┌─ Supplied material

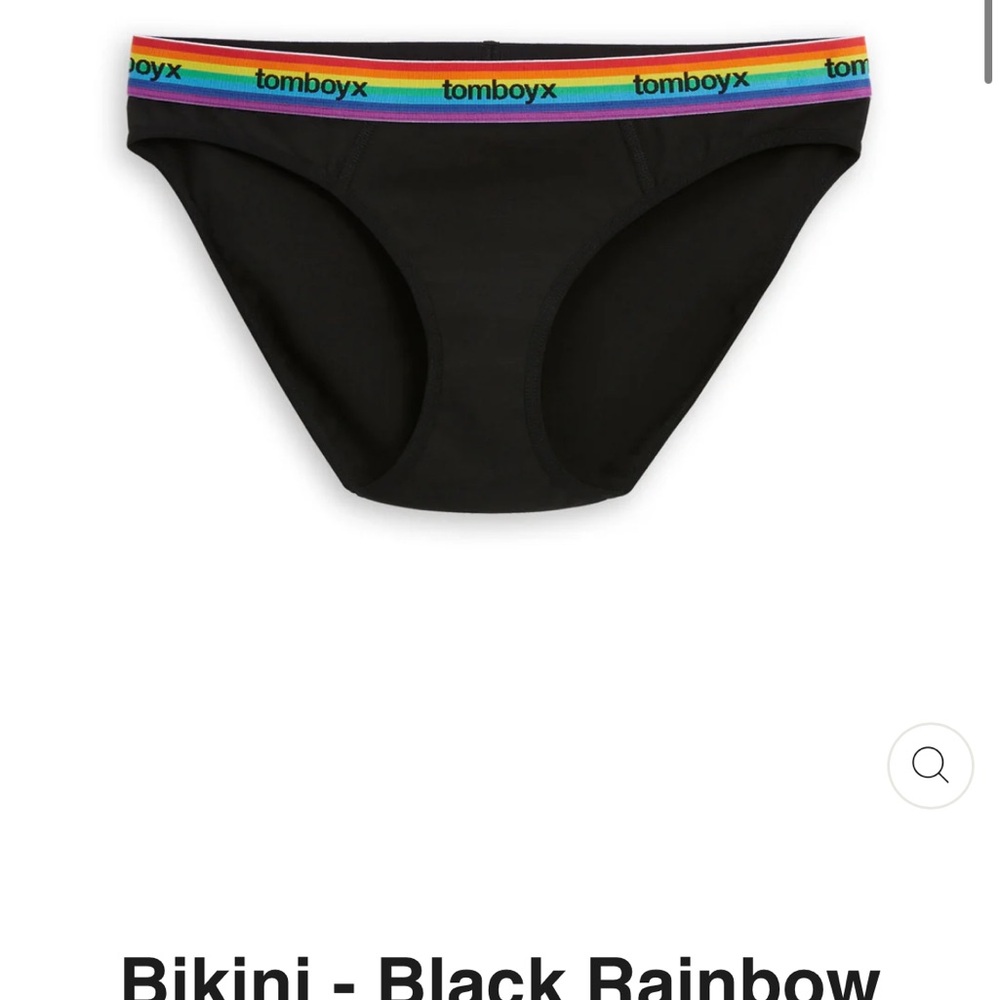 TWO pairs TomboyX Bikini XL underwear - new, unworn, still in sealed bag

└─
┌─ Supplied material

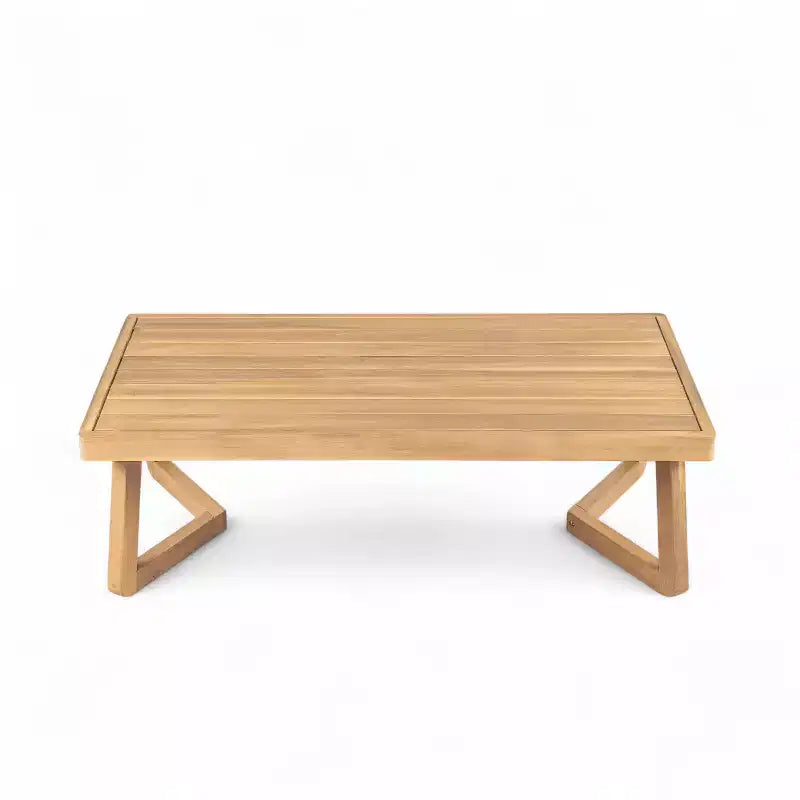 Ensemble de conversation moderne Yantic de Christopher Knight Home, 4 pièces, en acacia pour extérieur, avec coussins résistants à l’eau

└─
┌─ Supplied material

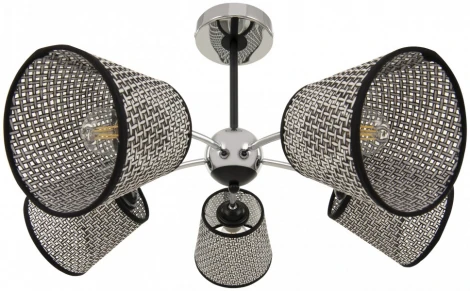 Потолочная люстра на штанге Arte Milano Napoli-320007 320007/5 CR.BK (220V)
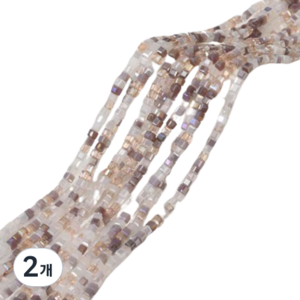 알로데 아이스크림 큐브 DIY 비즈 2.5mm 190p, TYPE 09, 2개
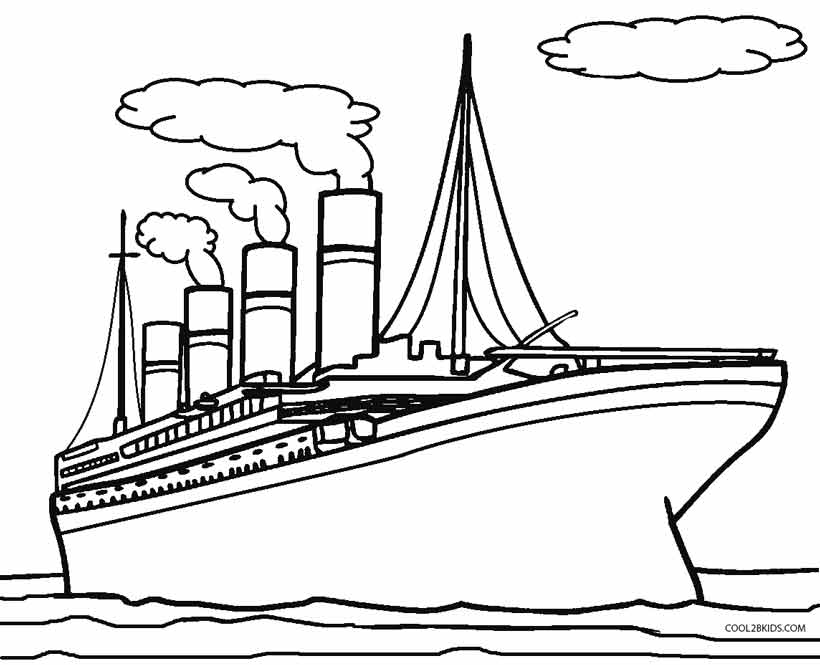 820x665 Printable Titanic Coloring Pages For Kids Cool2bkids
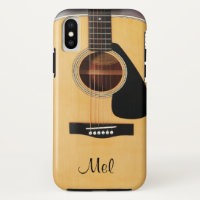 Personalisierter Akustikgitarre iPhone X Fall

└─

_Aim of the task:_ Copy exactly the material above from the line with "알로데 아이스크림 큐브 DIY 비즈 2.5mm 190p, TYPE 09, 2개" to the line with "Personalisierter Akustikgitarre iPhone", ends included, and nothing else. Leave out any picture.

_Exercise solution:_
 알로데 아이스크림 큐브 DIY 비즈 2.5mm 190p, TYPE 09, 2개
 820x665 Printable Titanic Coloring Pages For Kids Cool2bkids
 Personalisierter Akustikgitarre iPhone X Fall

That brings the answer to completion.